Im Wortlaut
in Berlin
Von mir auch erst einmal ein ganz herzliches Willkommen an alle, die heute an dieser Veranstaltung teilnehmen! Wir wollen Sie würdigen, in der Tat. Die Frauen und Männer, die als sogenannte Gastarbeiter in die Bundesrepublik oder als Vertragsarbeiter in die DDR gekommen sind.
Ich war gar kein so kleines Kind mehr. Vertragsarbeiter gab es auch noch, als 1989 die deutsche Einheit kam. Die Bedingungen in der DDR waren noch einmal ganz anders, weil die Freizügigkeit sehr eingeschränkt war und weil viele Dinge verboten waren. Wir hatten vor allen Dingen Vertragsarbeiter aus einigen afrikanischen Ländern, aber auch aus Vietnam. Und die hatten kein einfaches Leben.
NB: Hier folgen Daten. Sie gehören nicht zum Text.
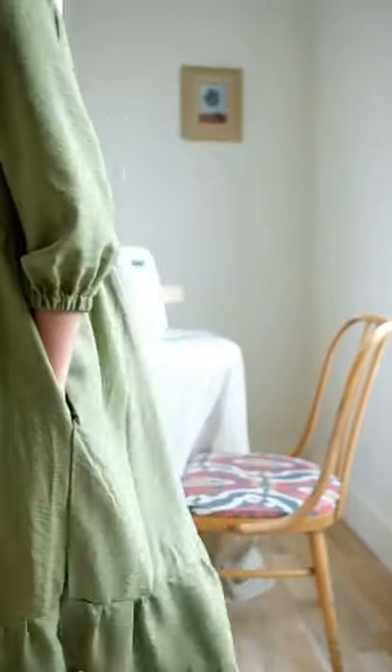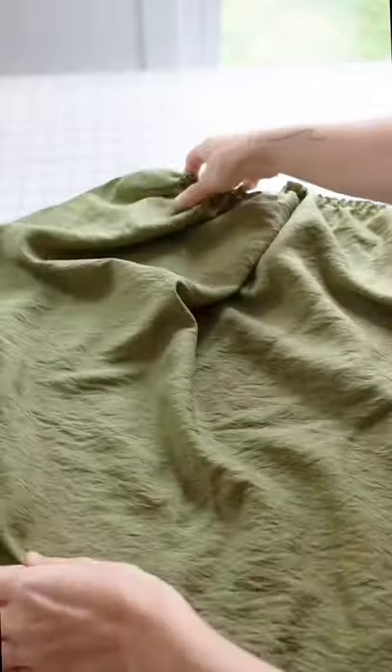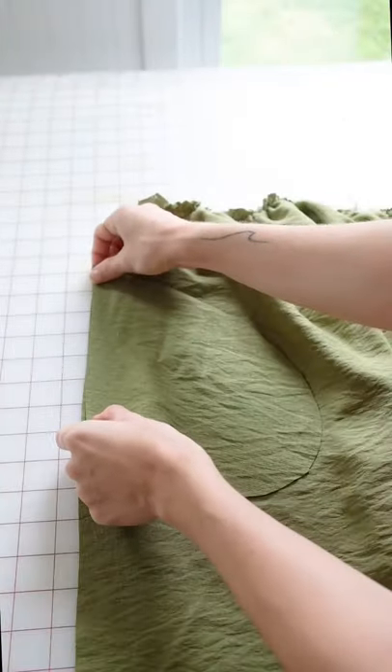So you want to add pockets to the Betty dress? Let me show you how. First, print out your pattern and cut it out four times on your fabric. Measure where you want your pockets to go and pin it in place.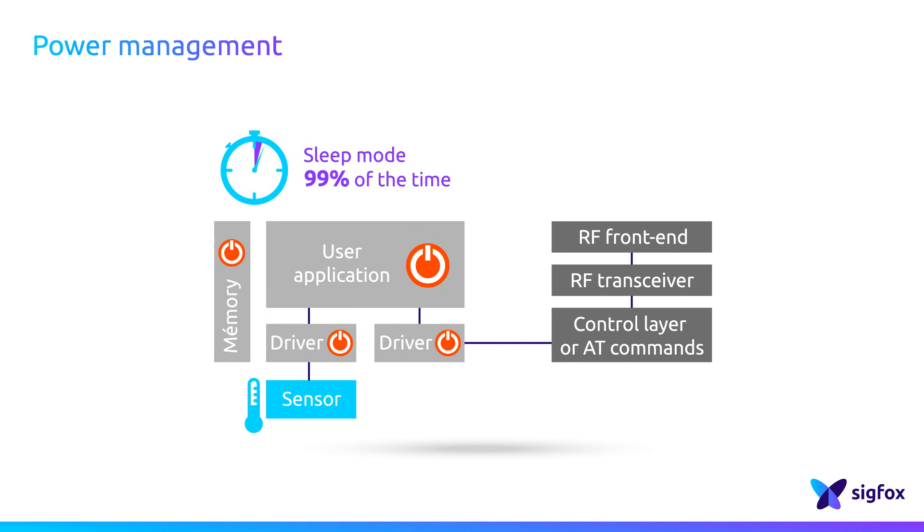Of course, how often the device emits radio frames to send its data and the data payload weight will have a direct impact on the energy consumption.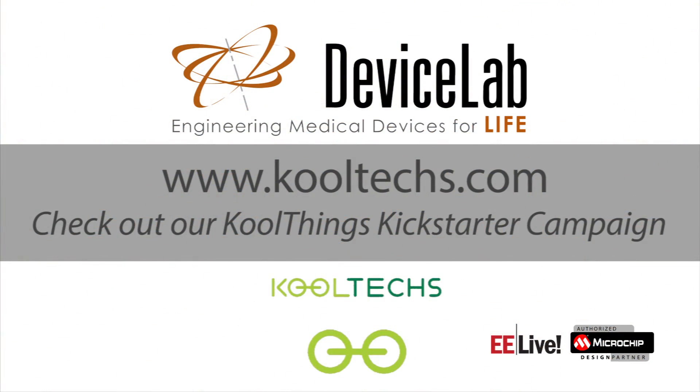For more information, you can go to our website, www.cooltechs.com, or go on Kickstarter and look for cool things with a K, to read more about the complete list of features. Thank you.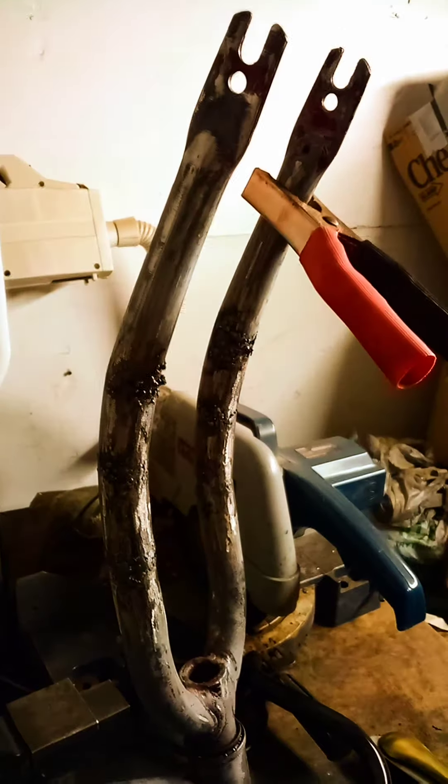I think the next bike might be a chopper or something. Maybe some rebar or something.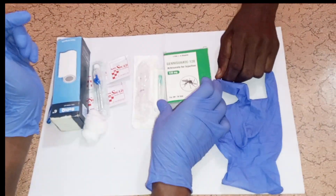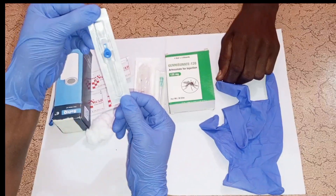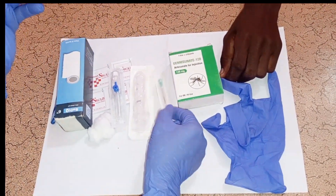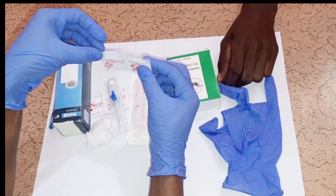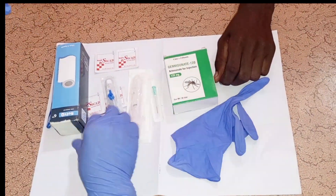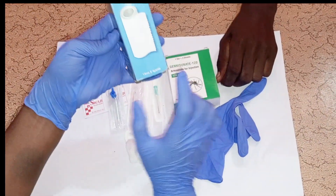Before you start, make sure you gather all the supplies you require. You will need a cannula, a syringe to reconstitute the drug, and a 21-gauge needle. You will need alcohol swabs to clean the vial or the vein, disposable gloves to use as a tourniquet, and cotton wool to apply pressure on the injection site.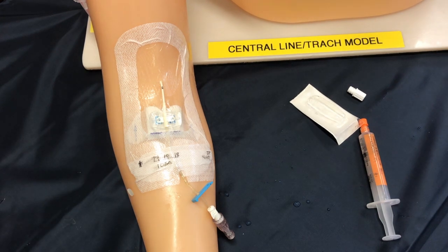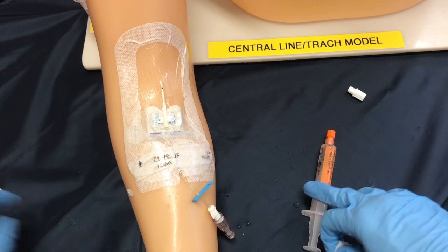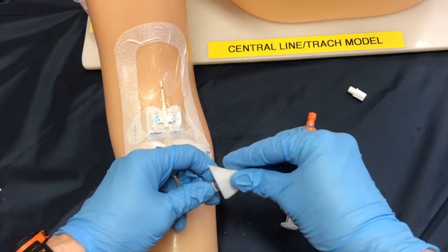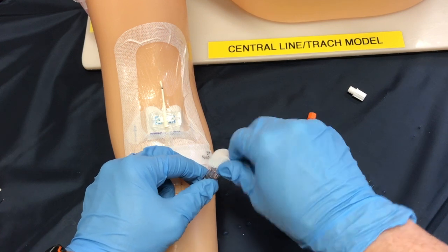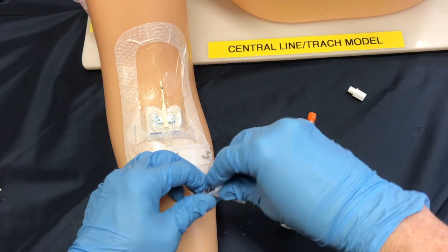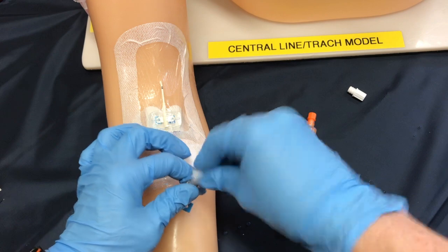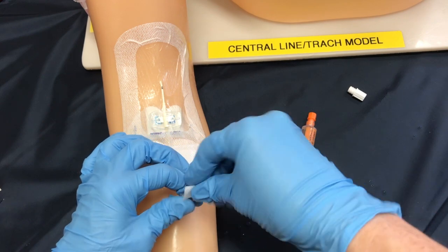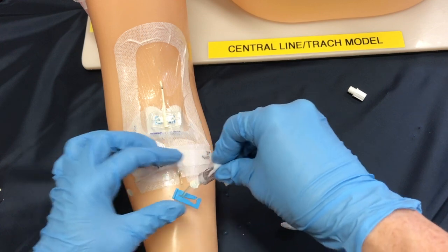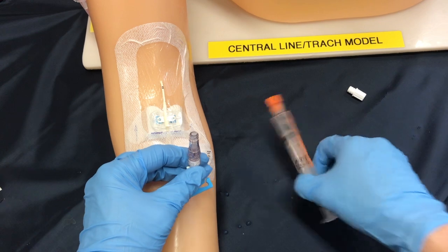There's still one more step — we need to lock the line to make sure it doesn't clot. So again a 15-second scrub is needed here even though we have just put on a brand new cap. Every time we access we need to clean to prevent contamination into the bloodstream, because this PICC line is actually sitting in the superior vena cava just as it enters into your heart. When this 15-second scrub is done, we're going to let it air dry and then get our sodium citrate or heparin prepared.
Aber was vielleicht alle eint, ist, dass jeder, wie Annette Widmann-Mauz es eben gesagt hat, im Grunde eine Reise ins Ungewisse angetreten hat. Ich habe vor zehn Jahren, als wir des 50. Jahrestags gedachten, ganz bewegende Geschichten gehört, die ich nie vergessen werde. Dass die Väter oft erst einmal alleine nach Deutschland gekommen waren, dass man sehr spartanisch in Gemeinschaftsunterkünften untergebracht war, dass man sonntags sein Ohr an die Eisenbahnschienen legte, um doch daran zu denken, dass man nach Hause fahren möchte. Das hat mich alles sehr bewegt. Deshalb kann man schon sagen: Damals hatten es die Menschen, die zu uns kamen, wirklich nicht leicht.
Was können wir daraus lernen? Damals gab es das Wort „Integrationspolitik“ im Grunde noch nicht, sondern das Wort „Gastarbeiter“ hat ja ausgedrückt, was man dachte, nämlich dass alle bald wieder weg sein würden. Aber für viele ist nichts davon eingetreten. Deshalb hat man dann erst 1978, also 23 Jahre nach Ankunft der ersten Gastarbeiter, das Amt der Beauftragten für Integration geschaffen.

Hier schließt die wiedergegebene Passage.